All entries must be set down once more, precisely as given.

= THE INPUT =
--- START ---
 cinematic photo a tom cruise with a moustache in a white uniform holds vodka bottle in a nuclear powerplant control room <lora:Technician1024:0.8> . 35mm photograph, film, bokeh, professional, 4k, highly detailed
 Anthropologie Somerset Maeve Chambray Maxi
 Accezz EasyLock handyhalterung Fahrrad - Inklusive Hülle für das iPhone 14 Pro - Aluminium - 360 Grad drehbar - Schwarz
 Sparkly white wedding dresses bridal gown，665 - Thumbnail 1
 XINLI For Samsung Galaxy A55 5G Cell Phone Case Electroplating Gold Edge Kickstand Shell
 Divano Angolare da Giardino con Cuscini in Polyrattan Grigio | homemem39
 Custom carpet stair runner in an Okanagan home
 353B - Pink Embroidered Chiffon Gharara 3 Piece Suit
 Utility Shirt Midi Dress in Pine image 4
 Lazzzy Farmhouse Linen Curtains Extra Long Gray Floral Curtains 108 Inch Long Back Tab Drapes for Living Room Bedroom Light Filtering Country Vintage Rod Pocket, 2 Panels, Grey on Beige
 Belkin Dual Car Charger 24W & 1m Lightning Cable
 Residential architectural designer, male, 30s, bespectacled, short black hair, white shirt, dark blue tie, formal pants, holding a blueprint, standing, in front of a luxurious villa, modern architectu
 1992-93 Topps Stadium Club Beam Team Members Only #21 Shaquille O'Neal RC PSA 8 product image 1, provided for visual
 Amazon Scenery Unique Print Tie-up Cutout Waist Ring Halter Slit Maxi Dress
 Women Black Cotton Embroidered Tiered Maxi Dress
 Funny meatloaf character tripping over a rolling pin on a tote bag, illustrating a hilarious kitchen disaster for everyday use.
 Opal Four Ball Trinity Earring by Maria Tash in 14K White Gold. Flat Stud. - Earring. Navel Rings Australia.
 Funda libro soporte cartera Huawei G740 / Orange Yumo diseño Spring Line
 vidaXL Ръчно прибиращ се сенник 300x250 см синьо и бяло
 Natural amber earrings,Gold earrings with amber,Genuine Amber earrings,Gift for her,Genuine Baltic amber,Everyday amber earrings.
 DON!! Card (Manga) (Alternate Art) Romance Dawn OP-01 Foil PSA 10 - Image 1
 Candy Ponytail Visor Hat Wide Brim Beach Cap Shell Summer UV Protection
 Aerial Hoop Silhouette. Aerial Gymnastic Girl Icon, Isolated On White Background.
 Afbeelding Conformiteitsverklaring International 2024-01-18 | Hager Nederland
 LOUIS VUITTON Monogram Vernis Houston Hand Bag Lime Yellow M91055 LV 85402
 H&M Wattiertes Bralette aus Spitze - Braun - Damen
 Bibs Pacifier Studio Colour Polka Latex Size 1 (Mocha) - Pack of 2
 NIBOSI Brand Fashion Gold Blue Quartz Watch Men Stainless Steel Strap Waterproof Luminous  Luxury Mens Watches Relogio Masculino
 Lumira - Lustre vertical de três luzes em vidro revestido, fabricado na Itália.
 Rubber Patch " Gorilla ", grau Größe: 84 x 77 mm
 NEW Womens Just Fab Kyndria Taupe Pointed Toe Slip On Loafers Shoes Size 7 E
--- END ---
= FINAL ANSWER =
 cinematic photo a tom cruise with a moustache in a white uniform holds vodka bottle in a nuclear powerplant control room <lora:Technician1024:0.8> . 35mm photograph, film, bokeh, professional, 4k, highly detailed
 Anthropologie Somerset Maeve Chambray Maxi
 Accezz EasyLock handyhalterung Fahrrad - Inklusive Hülle für das iPhone 14 Pro - Aluminium - 360 Grad drehbar - Schwarz
 Sparkly white wedding dresses bridal gown，665 - Thumbnail 1
 XINLI For Samsung Galaxy A55 5G Cell Phone Case Electroplating Gold Edge Kickstand Shell
 Divano Angolare da Giardino con Cuscini in Polyrattan Grigio | homemem39
 Custom carpet stair runner in an Okanagan home
 353B - Pink Embroidered Chiffon Gharara 3 Piece Suit
 Utility Shirt Midi Dress in Pine image 4
 Lazzzy Farmhouse Linen Curtains Extra Long Gray Floral Curtains 108 Inch Long Back Tab Drapes for Living Room Bedroom Light Filtering Country Vintage Rod Pocket, 2 Panels, Grey on Beige
 Belkin Dual Car Charger 24W & 1m Lightning Cable
 Residential architectural designer, male, 30s, bespectacled, short black hair, white shirt, dark blue tie, formal pants, holding a blueprint, standing, in front of a luxurious villa, modern architectu
 1992-93 Topps Stadium Club Beam Team Members Only #21 Shaquille O'Neal RC PSA 8 product image 1, provided for visual
 Amazon Scenery Unique Print Tie-up Cutout Waist Ring Halter Slit Maxi Dress
 Women Black Cotton Embroidered Tiered Maxi Dress
 Funny meatloaf character tripping over a rolling pin on a tote bag, illustrating a hilarious kitchen disaster for everyday use.
 Opal Four Ball Trinity Earring by Maria Tash in 14K White Gold. Flat Stud. - Earring. Navel Rings Australia.
 Funda libro soporte cartera Huawei G740 / Orange Yumo diseño Spring Line
 vidaXL Ръчно прибиращ се сенник 300x250 см синьо и бяло
 Natural amber earrings,Gold earrings with amber,Genuine Amber earrings,Gift for her,Genuine Baltic amber,Everyday amber earrings.
 DON!! Card (Manga) (Alternate Art) Romance Dawn OP-01 Foil PSA 10 - Image 1
 Candy Ponytail Visor Hat Wide Brim Beach Cap Shell Summer UV Protection
 Aerial Hoop Silhouette. Aerial Gymnastic Girl Icon, Isolated On White Background.
 Afbeelding Conformiteitsverklaring International 2024-01-18 | Hager Nederland
 LOUIS VUITTON Monogram Vernis Houston Hand Bag Lime Yellow M91055 LV 85402
 H&M Wattiertes Bralette aus Spitze - Braun - Damen
 Bibs Pacifier Studio Colour Polka Latex Size 1 (Mocha) - Pack of 2
 NIBOSI Brand Fashion Gold Blue Quartz Watch Men Stainless Steel Strap Waterproof Luminous  Luxury Mens Watches Relogio Masculino
 Lumira - Lustre vertical de três luzes em vidro revestido, fabricado na Itália.
 Rubber Patch " Gorilla ", grau Größe: 84 x 77 mm
 NEW Womens Just Fab Kyndria Taupe Pointed Toe Slip On Loafers Shoes Size 7 E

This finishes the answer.